6. You Treat Sex Like a Performance
Trying too hard can backfire. Annabelle Knight emphasises that the best sex is a co-created experience, not a solo act. "Slow everything down. Focus on sensations, not self-critique," she advises. Ask your partner what they enjoy and build from there, rather than trying to impress.
7. Your Pleasure Is the Main Focus
When sex becomes solely about your release, it creates an unbalanced dynamic. Gemma Nice says this often stems from a lack of empathy. To correct course, pay close attention to your partner's cues—their expressions, sounds, and breathing. She recommends an exercise: spend five minutes focused solely on giving pleasure, then five minutes receiving it.
8. There's No Spontaneity
Predictable, routine sex can push a relationship into a rut, eroding intimacy. Gemma Nice's solution is to start dating each other again. Ask first-date questions, try new activities, and commit to a weekly date night to rebuild the emotional connection. "Once you do this, things will start to come naturally," she says.
9. You Skip Pillow Talk
Rolling over immediately after sex can foster feelings of rejection. Gemma Nice stresses that post-sex conversation is a crucial chance to reconnect. "Talk about things you liked about your sex session... Always communicating how you feel can really help to build the bond back again," she adds.

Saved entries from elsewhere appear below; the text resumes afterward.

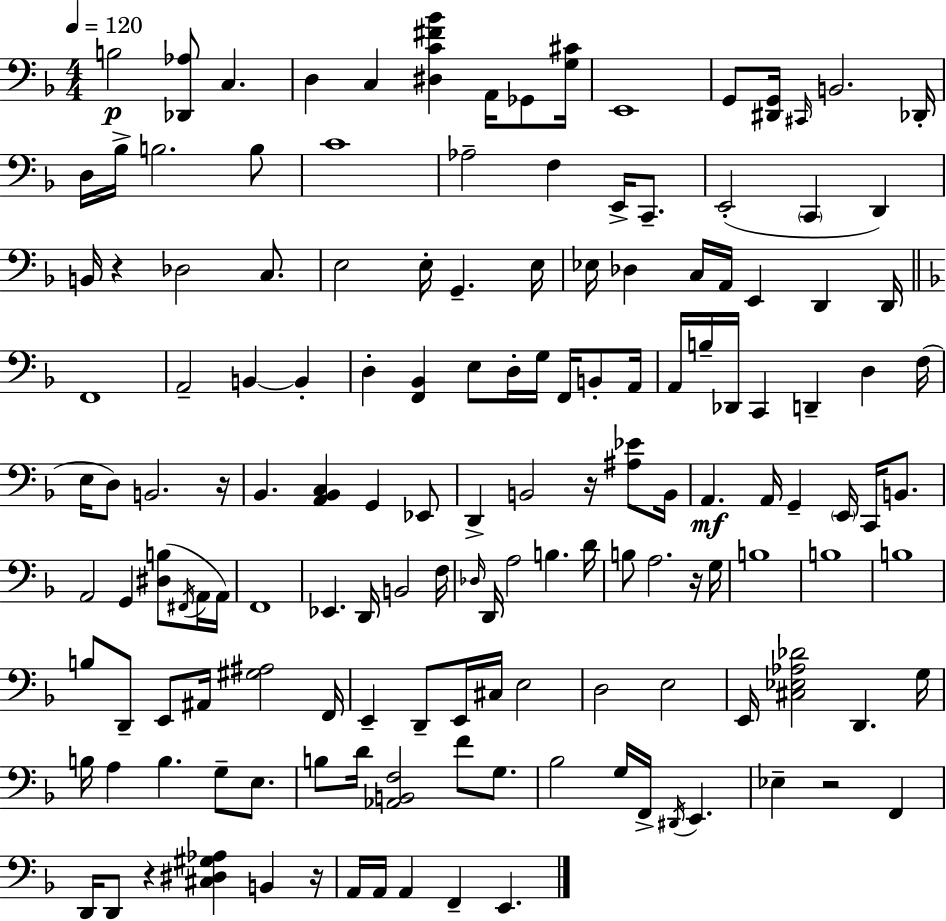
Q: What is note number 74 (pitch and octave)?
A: A2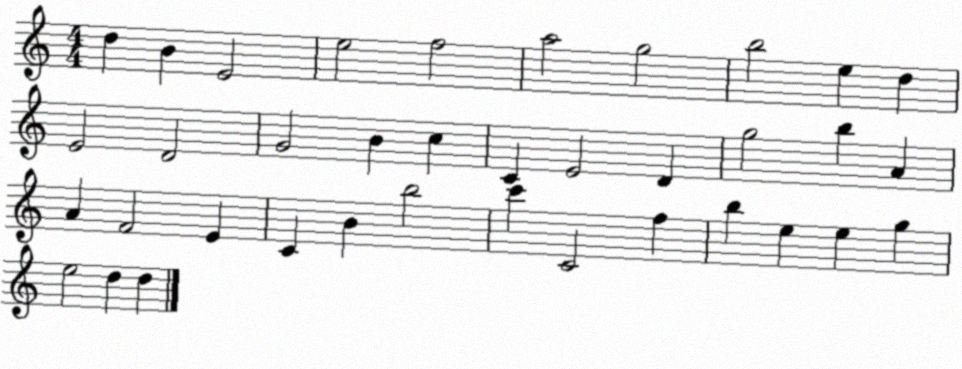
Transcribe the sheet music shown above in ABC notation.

X:1
T:Untitled
M:4/4
L:1/4
K:C
d B E2 e2 f2 a2 g2 b2 e d E2 D2 G2 B c C E2 D g2 b A A F2 E C B b2 c' C2 f b e e g e2 d d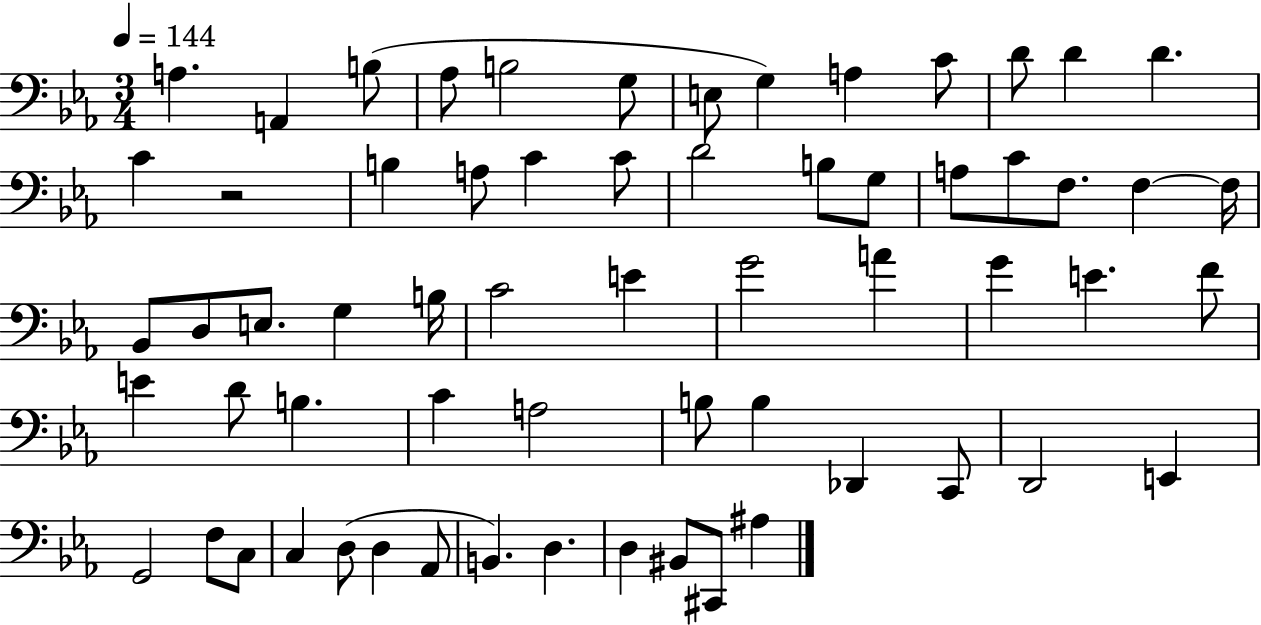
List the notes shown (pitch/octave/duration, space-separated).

10. You Constantly Skip Foreplay
Many treat foreplay as an optional prelude, despite most women needing consistent clitoral stimulation and build-up to feel satisfied. Annabelle Knight advises extending foreplay and introducing toys. Gemma Nice adds that foreplay begins the moment your last session ends, through flirting and playful messages that maintain anticipation. She reminds couples that "communication is lubrication" just as much as actual lube is.
11. Your Partner Always Takes the Lead
If your partner constantly initiates, chooses positions, and sets the pace, they may be weary of carrying the emotional and erotic labour. Annabelle Knight suggests taking small risks to participate more actively. "Initiate a kiss, change positions, or suggest something you’d like to try. Confidence (even in tiny doses) transforms the entire energy," she says.
Moving Forward with Confidence
Recognising any of these signs is not a condemnation but an opportunity. The experts agree that the foundation of improvement is open communication, genuine curiosity about your partner's pleasure, and a willingness to shift focus from performance to shared experience. By addressing these areas, you can transform anxiety into confidence and revitalise your intimate connections.